Exercise aim ->
Below are entries; repeat exactly, and nothing else, the lines from the one holding "Closeup of using" through the one holding "Memphis Grizzlies' Tony", inclusive. Leave the pictures out.

Extracted records ->
━━━━━━━━━━━━━━━━━━━━━━━━━━━━━━
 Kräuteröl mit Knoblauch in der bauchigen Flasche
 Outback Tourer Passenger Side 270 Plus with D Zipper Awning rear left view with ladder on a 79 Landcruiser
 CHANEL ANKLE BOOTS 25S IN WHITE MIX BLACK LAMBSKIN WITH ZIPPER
━━━━━━━━━━━━━━━━━━━━━━━━━━━━━━
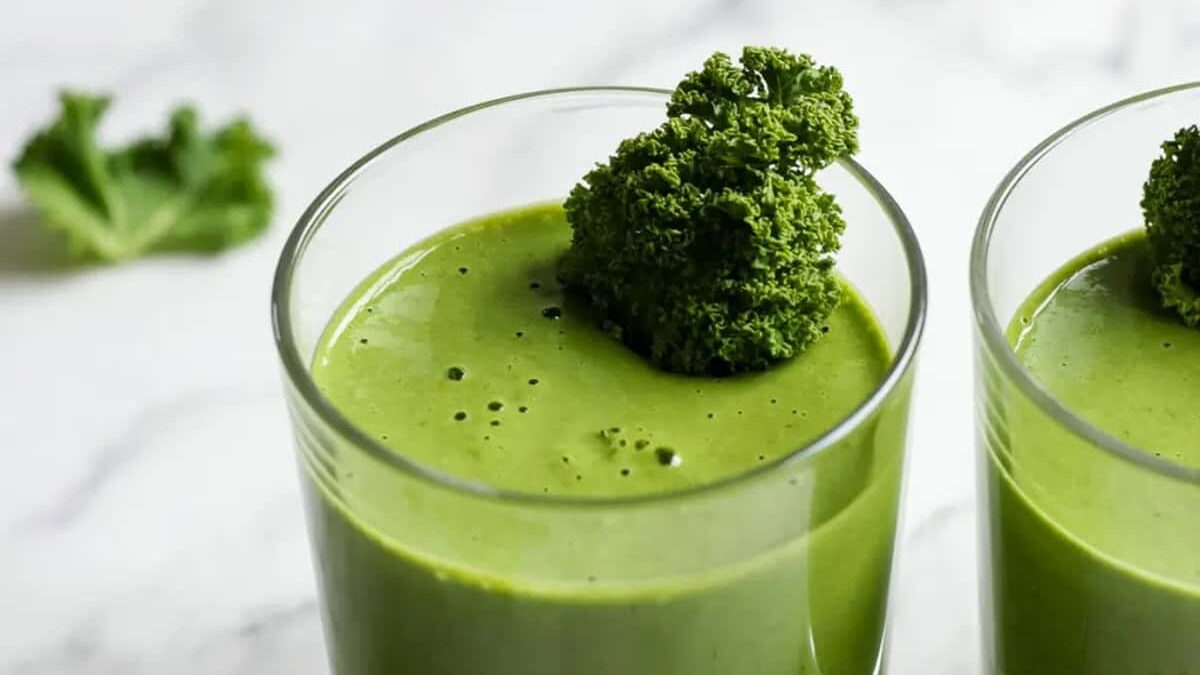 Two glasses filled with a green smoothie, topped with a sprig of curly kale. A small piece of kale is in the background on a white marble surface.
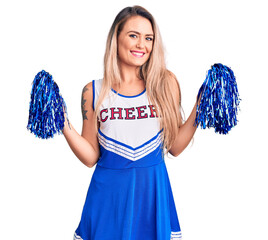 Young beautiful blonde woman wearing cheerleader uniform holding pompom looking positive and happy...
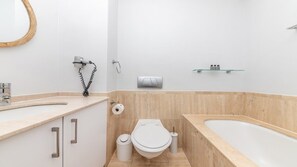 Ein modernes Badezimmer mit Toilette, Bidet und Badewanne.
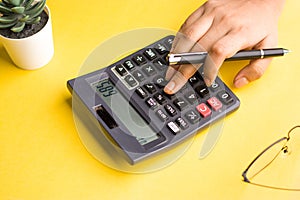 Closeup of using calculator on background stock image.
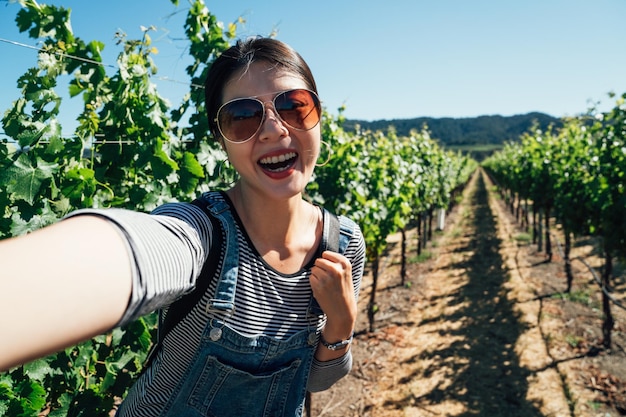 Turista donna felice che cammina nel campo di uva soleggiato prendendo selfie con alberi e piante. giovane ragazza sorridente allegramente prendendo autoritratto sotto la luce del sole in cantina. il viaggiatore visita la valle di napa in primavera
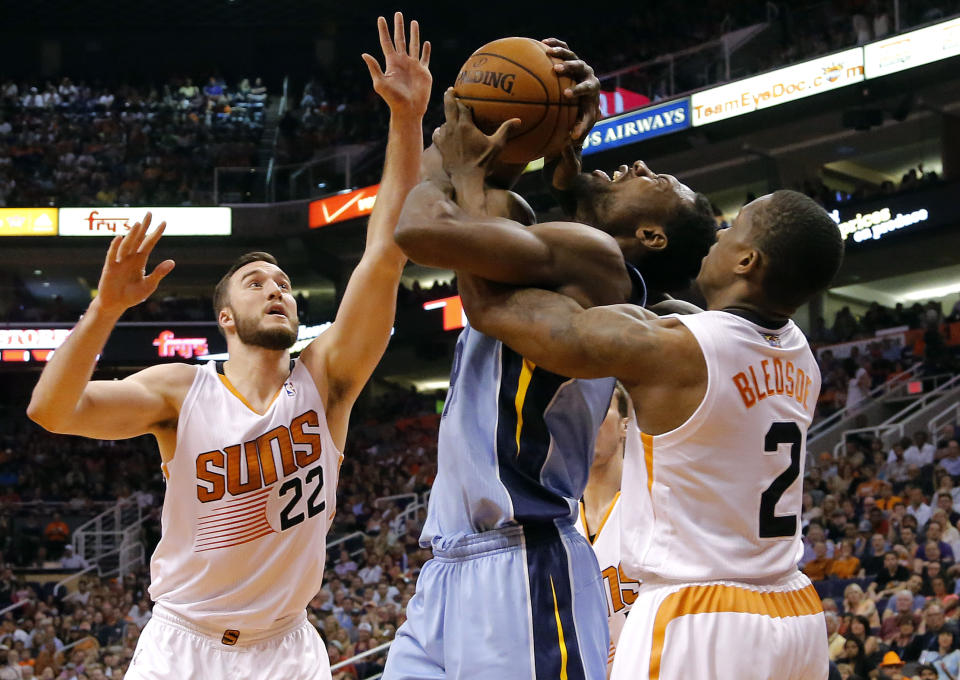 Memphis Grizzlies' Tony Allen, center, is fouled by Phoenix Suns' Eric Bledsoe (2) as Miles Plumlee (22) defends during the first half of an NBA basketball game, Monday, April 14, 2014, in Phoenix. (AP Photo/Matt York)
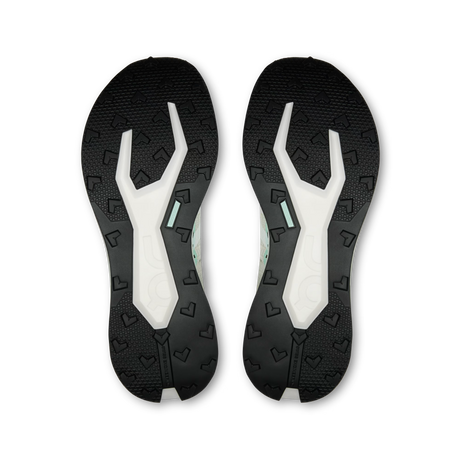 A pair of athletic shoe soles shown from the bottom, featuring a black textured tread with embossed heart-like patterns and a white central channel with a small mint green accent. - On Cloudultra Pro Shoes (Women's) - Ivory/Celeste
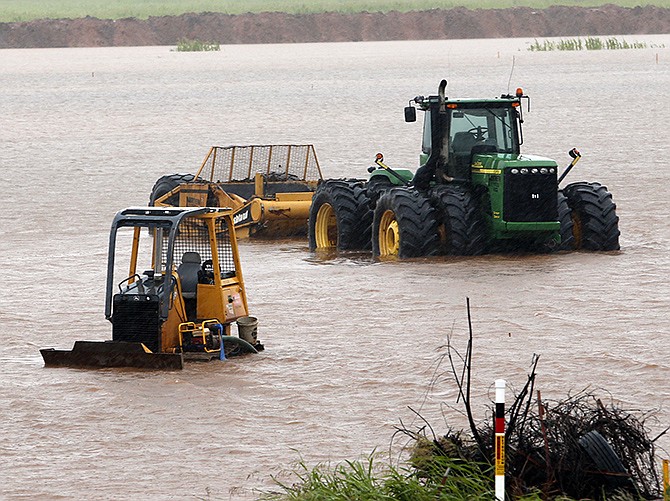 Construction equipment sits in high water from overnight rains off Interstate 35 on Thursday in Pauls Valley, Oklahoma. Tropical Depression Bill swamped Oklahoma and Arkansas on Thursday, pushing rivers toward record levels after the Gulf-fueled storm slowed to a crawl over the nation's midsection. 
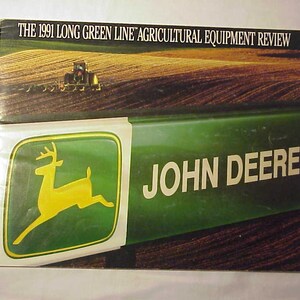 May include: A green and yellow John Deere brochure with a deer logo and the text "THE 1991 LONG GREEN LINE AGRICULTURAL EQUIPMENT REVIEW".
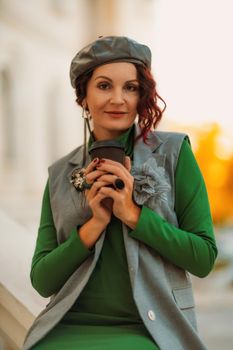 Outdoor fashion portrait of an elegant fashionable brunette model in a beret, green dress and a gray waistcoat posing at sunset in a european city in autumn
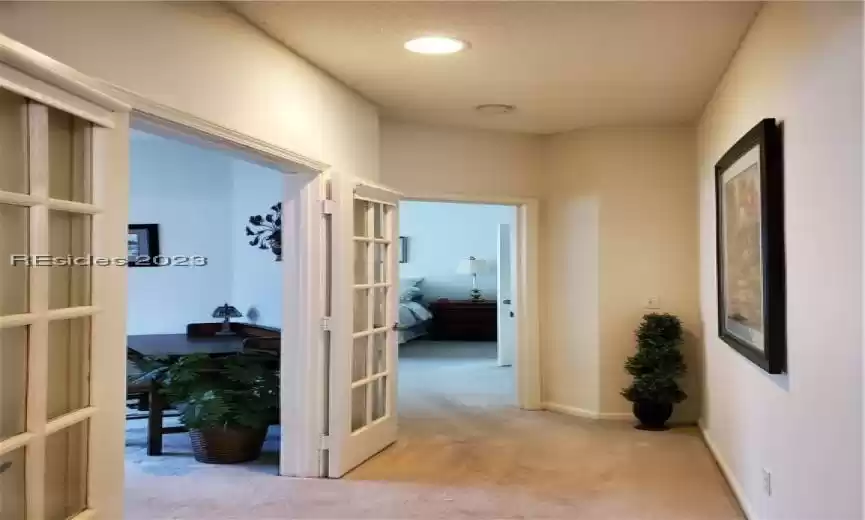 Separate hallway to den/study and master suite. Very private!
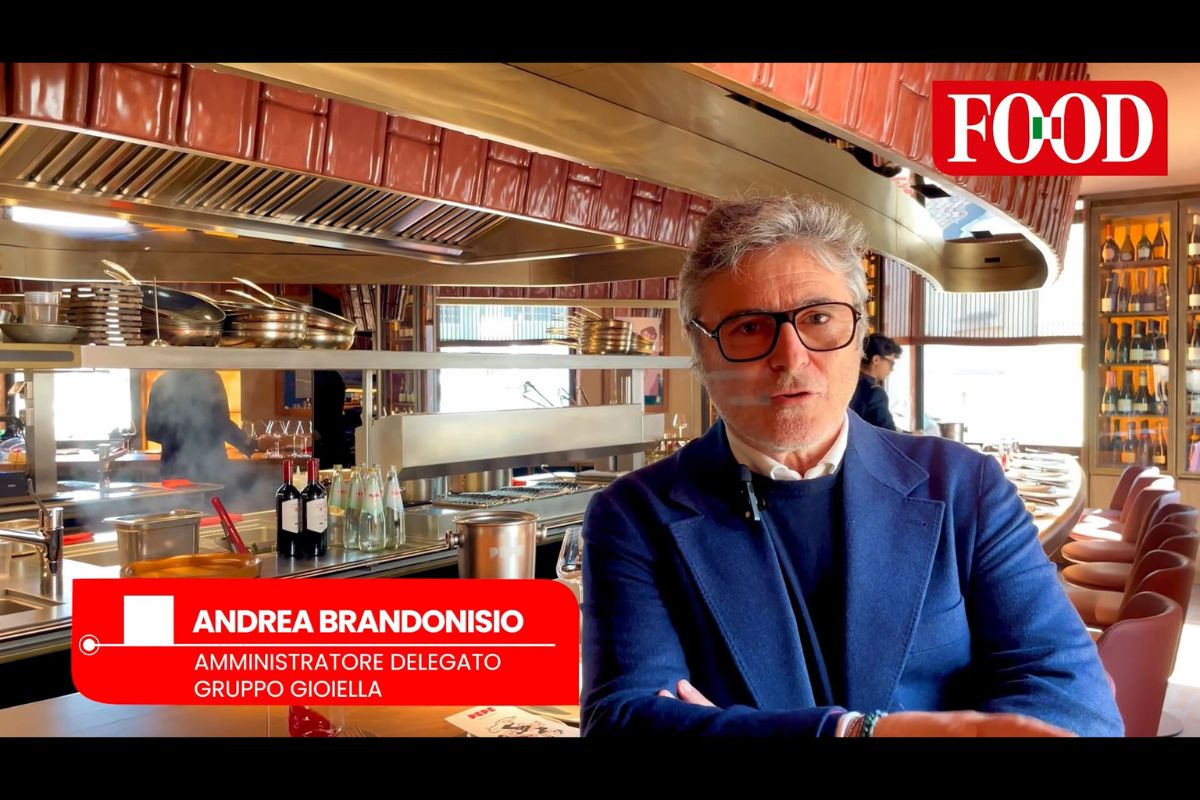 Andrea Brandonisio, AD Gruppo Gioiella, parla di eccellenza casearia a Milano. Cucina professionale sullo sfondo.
━━━━━━━━━━━━━━━━━━━━━━━━━━━━━━
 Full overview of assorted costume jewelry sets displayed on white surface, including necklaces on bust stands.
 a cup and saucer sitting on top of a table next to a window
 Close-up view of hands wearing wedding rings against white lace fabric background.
━━━━━━━━━━━━━━━━━━━━━━━━━━━━━━
Output below ->
 Closeup of using calculator on background stock image.
 Turista donna felice che cammina nel campo di uva soleggiato prendendo selfie con alberi e piante. giovane ragazza sorridente allegramente prendendo autoritratto sotto la luce del sole in cantina. il viaggiatore visita la valle di napa in primavera
 Memphis Grizzlies' Tony Allen, center, is fouled by Phoenix Suns' Eric Bledsoe (2) as Miles Plumlee (22) defends during the first half of an NBA basketball game, Monday, April 14, 2014, in Phoenix. (AP Photo/Matt York)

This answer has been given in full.